■ **ASSIGNMENT**
The copy should begin at the line containing "a machine that" and end with the last line below, every line exact and no picture included.
[[ DATA FOR REVIEW open ]]
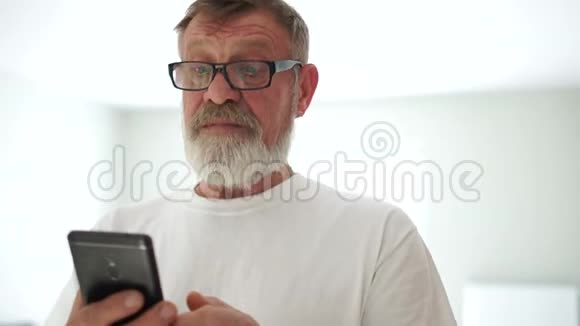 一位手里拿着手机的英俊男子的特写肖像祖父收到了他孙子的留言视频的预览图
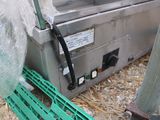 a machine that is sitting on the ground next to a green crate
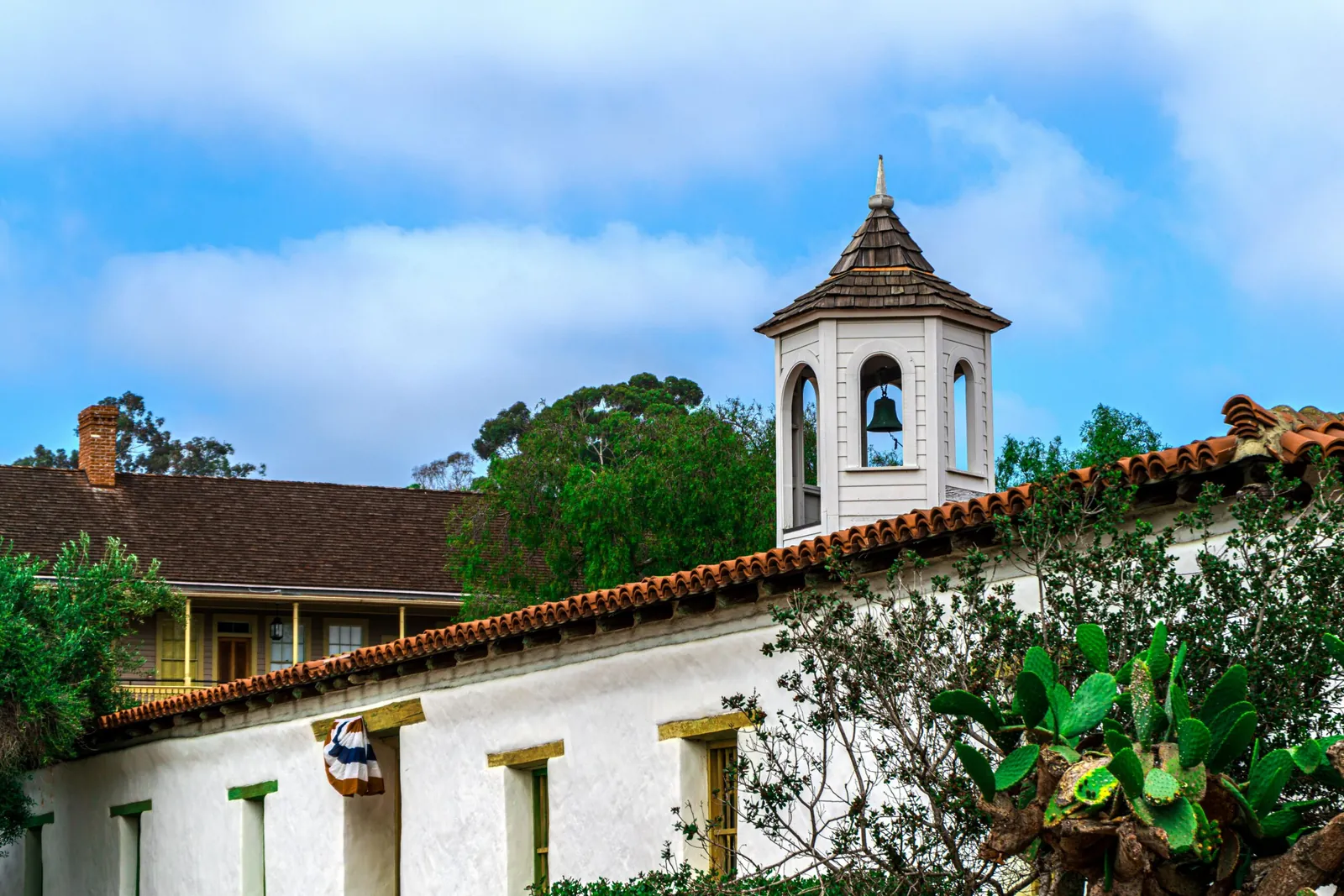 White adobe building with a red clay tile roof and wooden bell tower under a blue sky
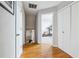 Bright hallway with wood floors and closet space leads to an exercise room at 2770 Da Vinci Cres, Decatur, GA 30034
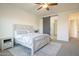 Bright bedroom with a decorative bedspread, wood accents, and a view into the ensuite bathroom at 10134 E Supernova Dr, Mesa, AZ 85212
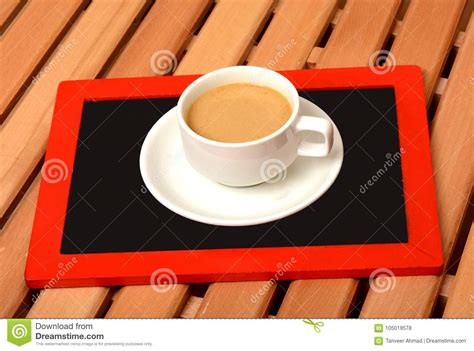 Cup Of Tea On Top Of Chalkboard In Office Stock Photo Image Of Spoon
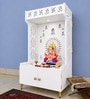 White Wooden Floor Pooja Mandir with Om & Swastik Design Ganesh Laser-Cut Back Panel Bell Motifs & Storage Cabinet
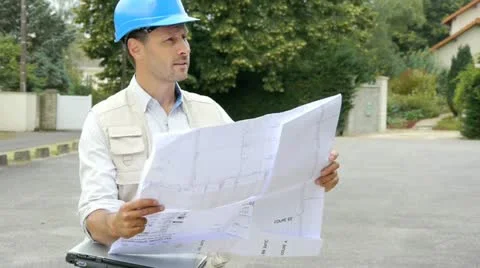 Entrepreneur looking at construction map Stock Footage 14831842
[[ DATA FOR REVIEW closed ]]
■ **EXERCISE RESULT**
 a machine that is sitting on the ground next to a green crate
 White adobe building with a red clay tile roof and wooden bell tower under a blue sky
 Bright hallway with wood floors and closet space leads to an exercise room at 2770 Da Vinci Cres, Decatur, GA 30034
 Bright bedroom with a decorative bedspread, wood accents, and a view into the ensuite bathroom at 10134 E Supernova Dr, Mesa, AZ 85212
 Cup Of Tea On Top Of Chalkboard In Office Stock Photo Image Of Spoon
 White Wooden Floor Pooja Mandir with Om & Swastik Design Ganesh Laser-Cut Back Panel Bell Motifs & Storage Cabinet
 Entrepreneur looking at construction map Stock Footage 14831842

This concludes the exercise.